> _DATASET EXTRACT_:

········

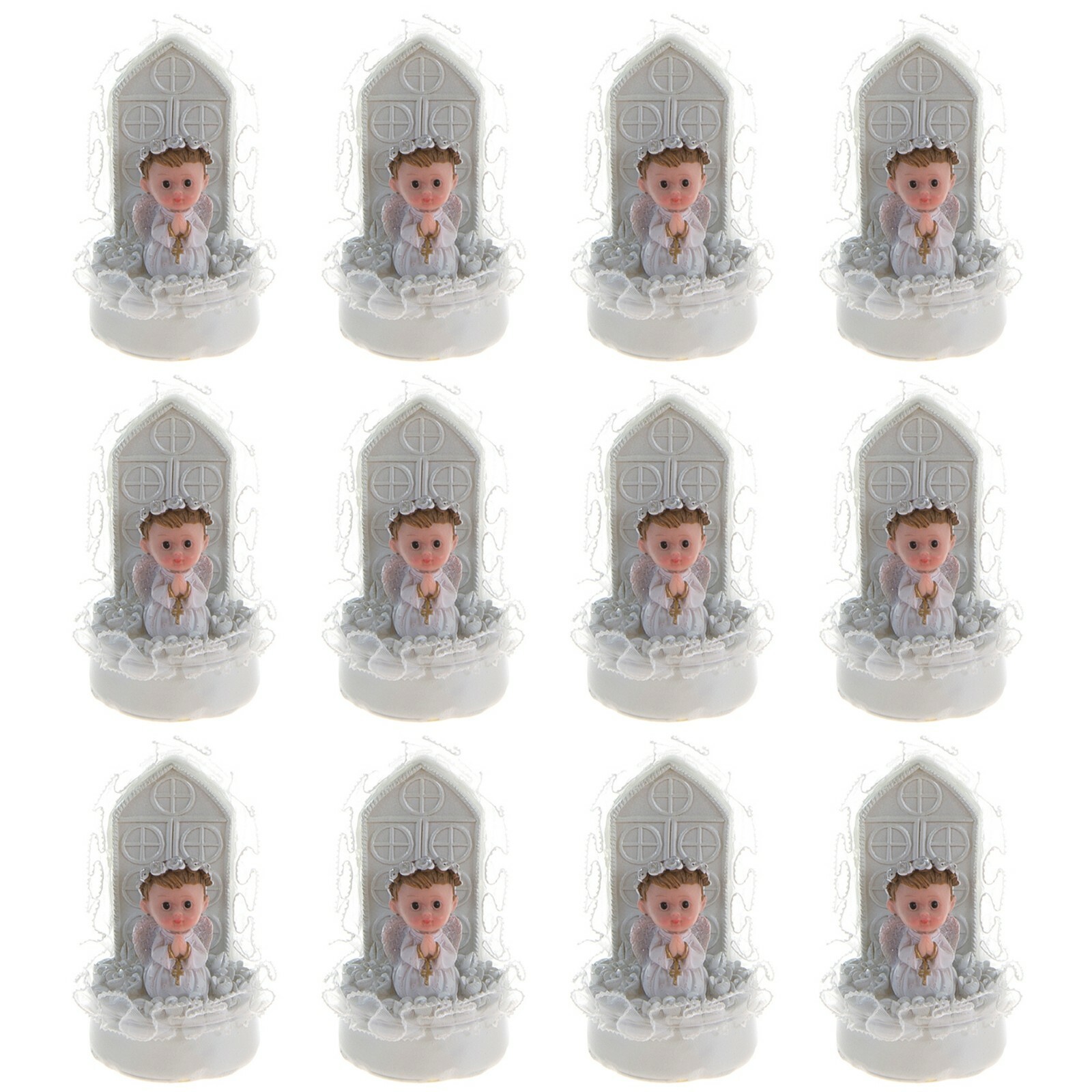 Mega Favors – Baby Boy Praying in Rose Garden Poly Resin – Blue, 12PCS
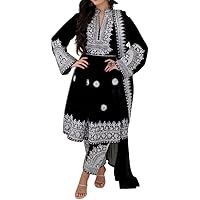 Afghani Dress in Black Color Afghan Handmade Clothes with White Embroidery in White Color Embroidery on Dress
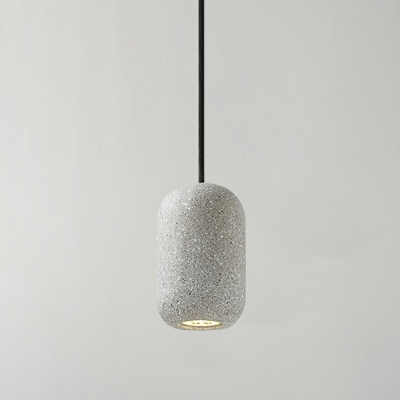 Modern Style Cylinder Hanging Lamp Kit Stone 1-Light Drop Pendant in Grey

········

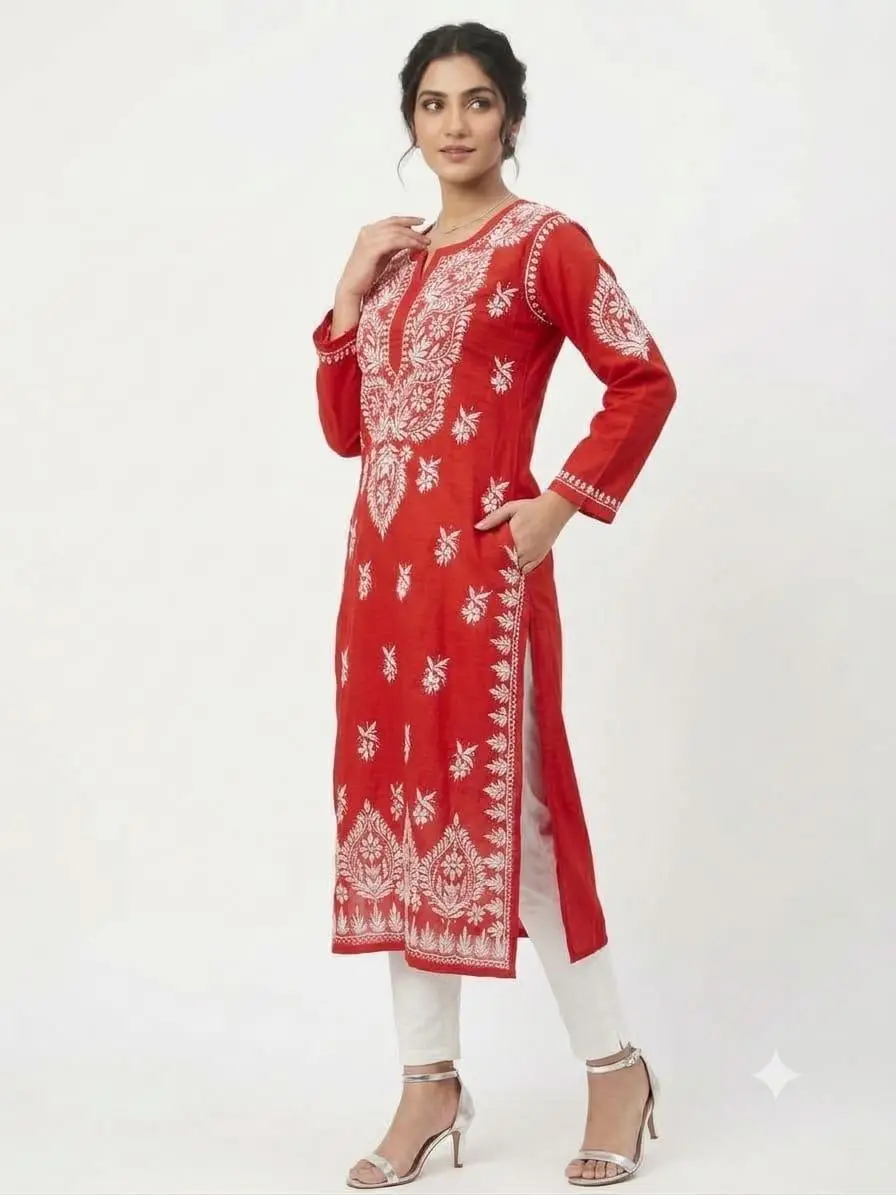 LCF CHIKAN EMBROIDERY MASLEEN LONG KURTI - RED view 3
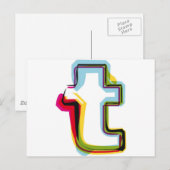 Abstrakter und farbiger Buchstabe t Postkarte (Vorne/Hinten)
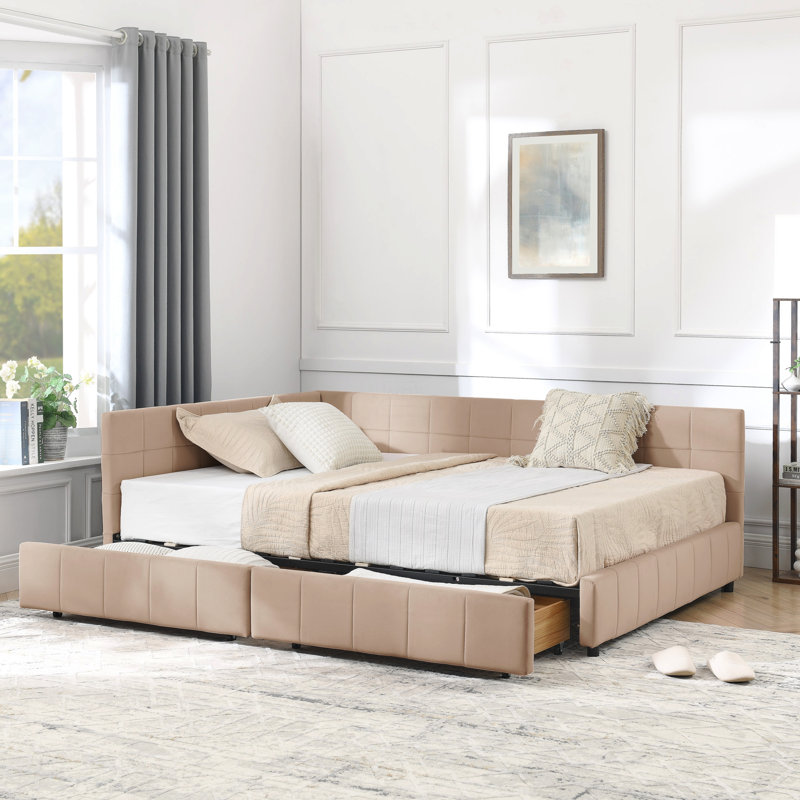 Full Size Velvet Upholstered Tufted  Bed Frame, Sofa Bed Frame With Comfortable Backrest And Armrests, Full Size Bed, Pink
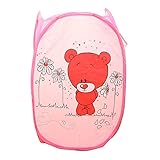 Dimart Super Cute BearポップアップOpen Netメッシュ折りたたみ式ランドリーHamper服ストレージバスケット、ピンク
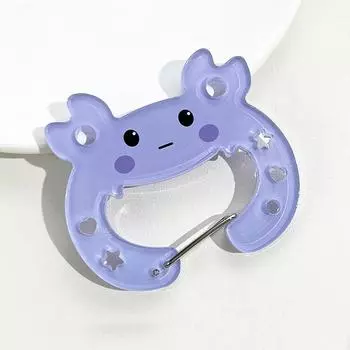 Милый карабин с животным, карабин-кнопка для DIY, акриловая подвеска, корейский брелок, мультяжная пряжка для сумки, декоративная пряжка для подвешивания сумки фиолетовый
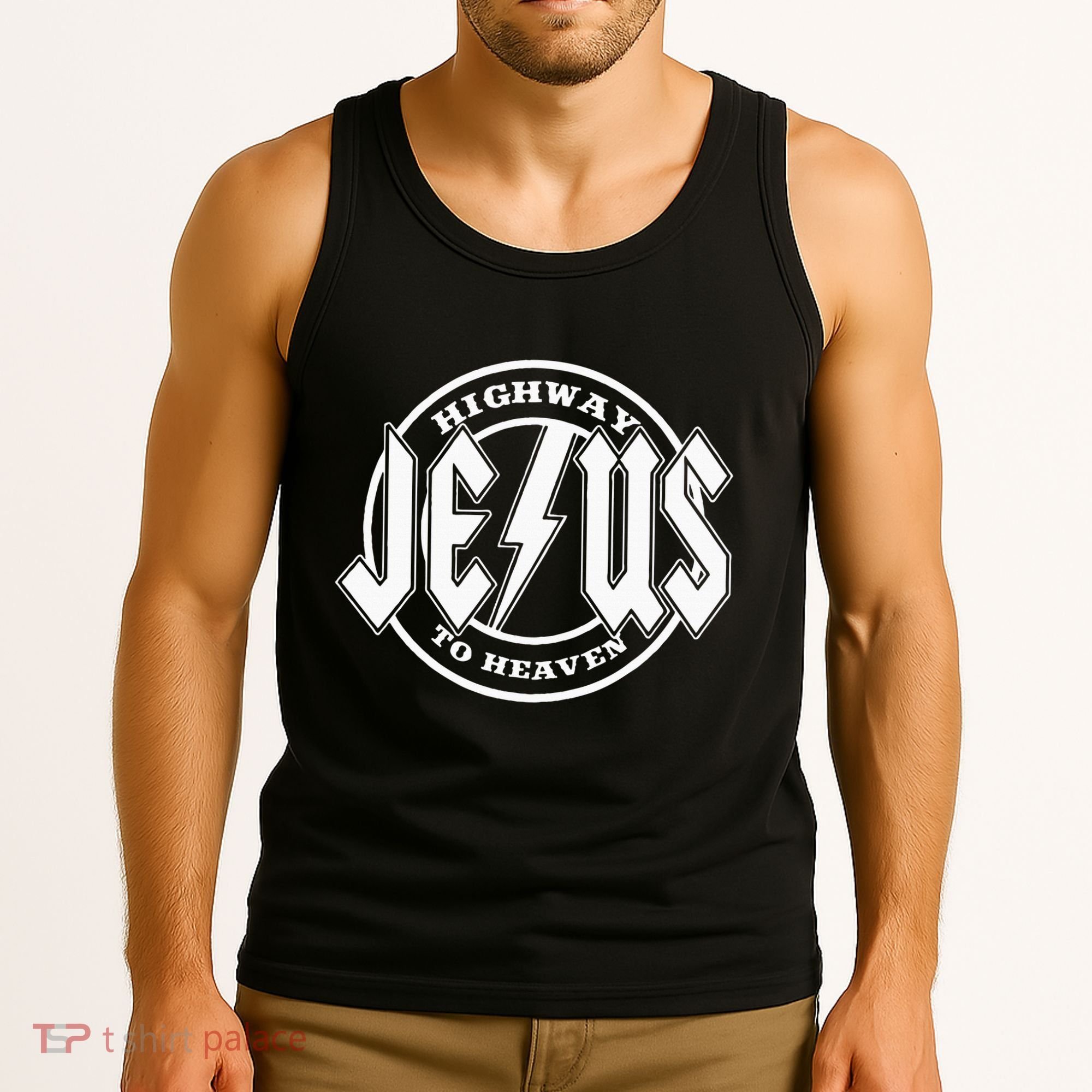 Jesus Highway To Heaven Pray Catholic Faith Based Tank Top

········

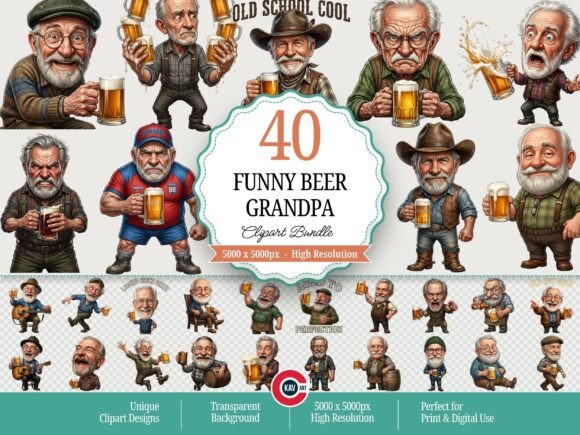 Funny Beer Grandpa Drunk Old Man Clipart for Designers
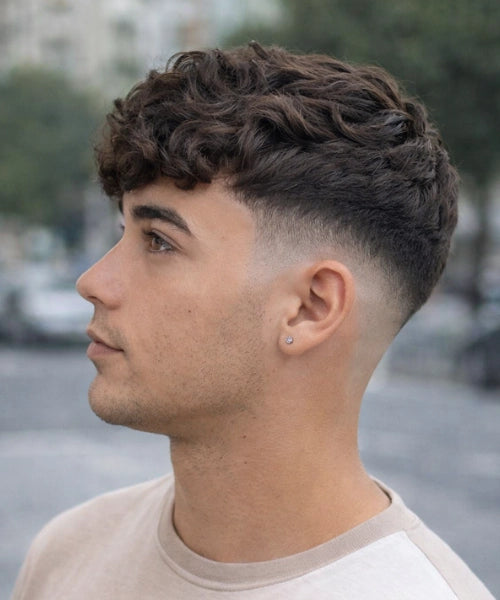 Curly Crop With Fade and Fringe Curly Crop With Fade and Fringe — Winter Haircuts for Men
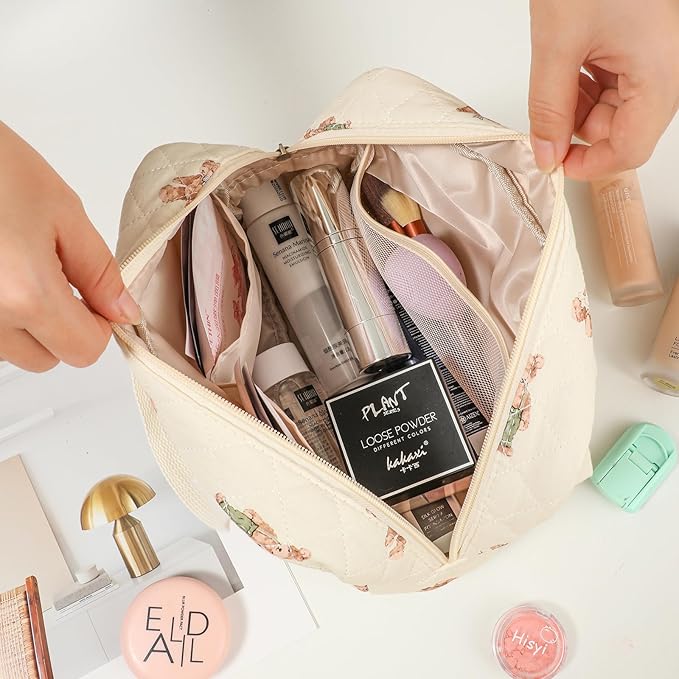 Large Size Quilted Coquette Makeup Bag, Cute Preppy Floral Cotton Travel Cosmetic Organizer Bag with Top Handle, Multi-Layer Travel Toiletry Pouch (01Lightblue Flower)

········

Only one part of the listing is wanted: the lines from the one containing "Funny Beer Grandpa" through the one containing "Large Size Quilted", both included. Please transcribe it exactly, leaving out the pictures.

> _EXERCISE ANSWER_:
 Funny Beer Grandpa Drunk Old Man Clipart for Designers
 Curly Crop With Fade and Fringe Curly Crop With Fade and Fringe — Winter Haircuts for Men
 Large Size Quilted Coquette Makeup Bag, Cute Preppy Floral Cotton Travel Cosmetic Organizer Bag with Top Handle, Multi-Layer Travel Toiletry Pouch (01Lightblue Flower)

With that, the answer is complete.